When I was getting started with design, I did not like receiving feedback on my work. I'm fine with sharing. After all, sharing has an ego-boosting quality to it. Receiving feedback, especially when I didn't ask for it, was difficult. I'd often become defensive or upset as to why the feedback provider didn't see the world the same way that I did.
This is, of course, ridiculous and any designer worth their weight knows that feedback is a necessary part of creating something great. Even the best designers I know have their blind spots. It's impossible to find them without help from others.
Thankfully I've grown since then and I've come to appreciate how much feedback really is a gift. Without it, there's no way to grow. Especially as a designer, I've come to live off of it.
I'll admit though, that I still have to remind myself of its importance occasionally. Just yesterday I was in a kickoff meeting where I was handing off my work to a few engineers. My work was all buttoned up and I was ready to move on to something new. As I presented my design work it became evident that I had missed the mark on a small (but critical) part of the project. I accepted the feedback outwardly with gratitude. Internally, I was screaming.

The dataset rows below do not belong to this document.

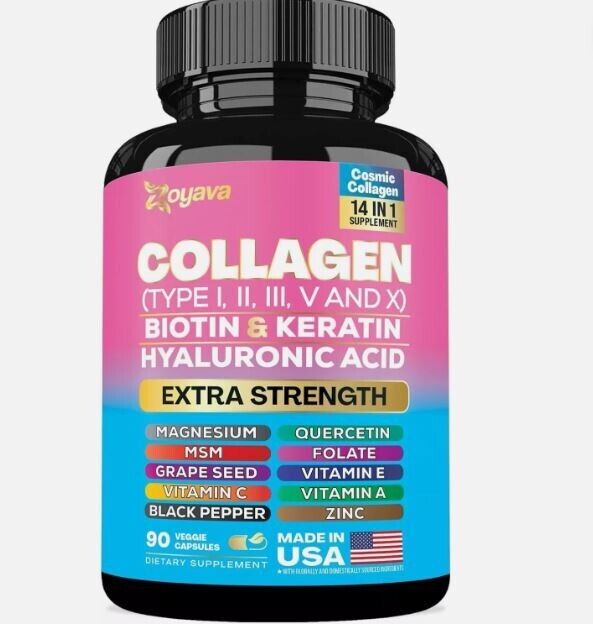 Zoyava Collagen Pills Peptides Types I, II, III, V & X – NEW ~ SHIPS FROM USA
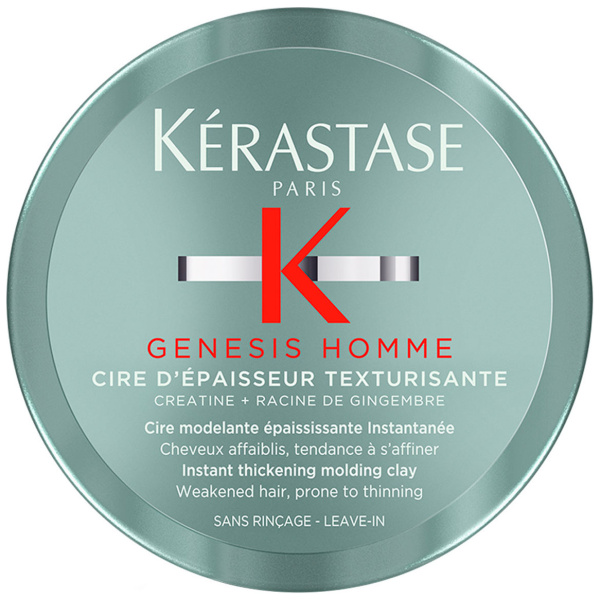 Kérastase - Genesis Homme - Cire d'Épaisseur Texturisante - Vormgevende klei voor verzwakt haar -75ml
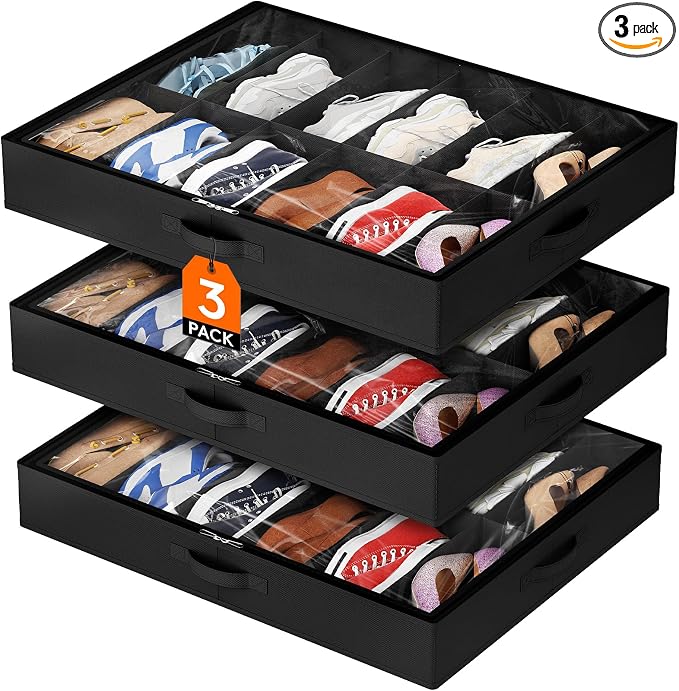 Lifewit Under Bed Shoe Storage Organizer 3 Pack(12 Shoes Cells), 4.3 Inches Profile Fabric Shoes Container Box with Clear Cover, Foldable Storage Bag with 2 Handles, Fits 18 to 36 Pairs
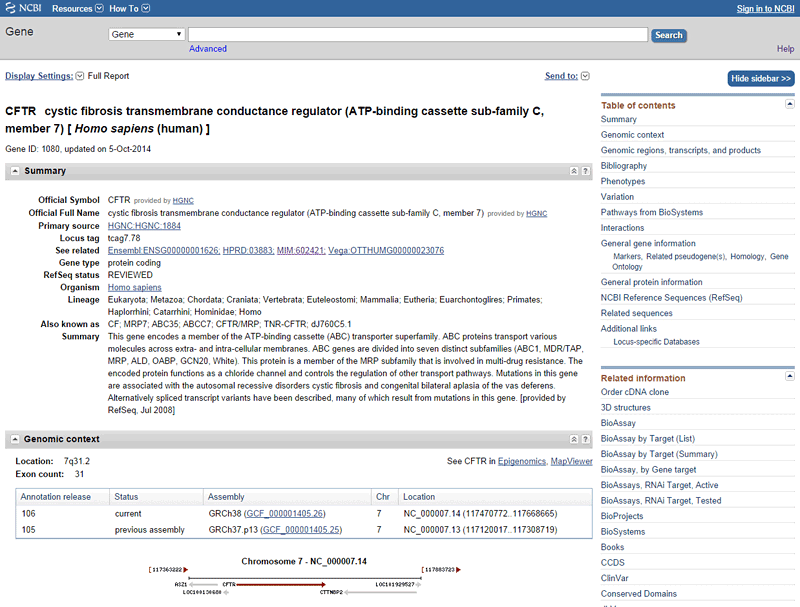 Screenshot of the gene page for CFTR on the ncbi.nlm.nih.gov website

Later, after giving myself a break, I realized that I was frustrated by the feedback primarily because I didn't know how to fix the issue that was brought up. I didn't have any solution that felt right already in my head. In a way, this realization was energizing. Solving this issue was now an opportunity to grow and to learn something new. It was an excuse to go try other products and see what they're doing. It was an opportunity to explore a solution space that I hadn't previously considered. It was an opportunity to design.
Thank goodness, for feedback. What would I have done without it?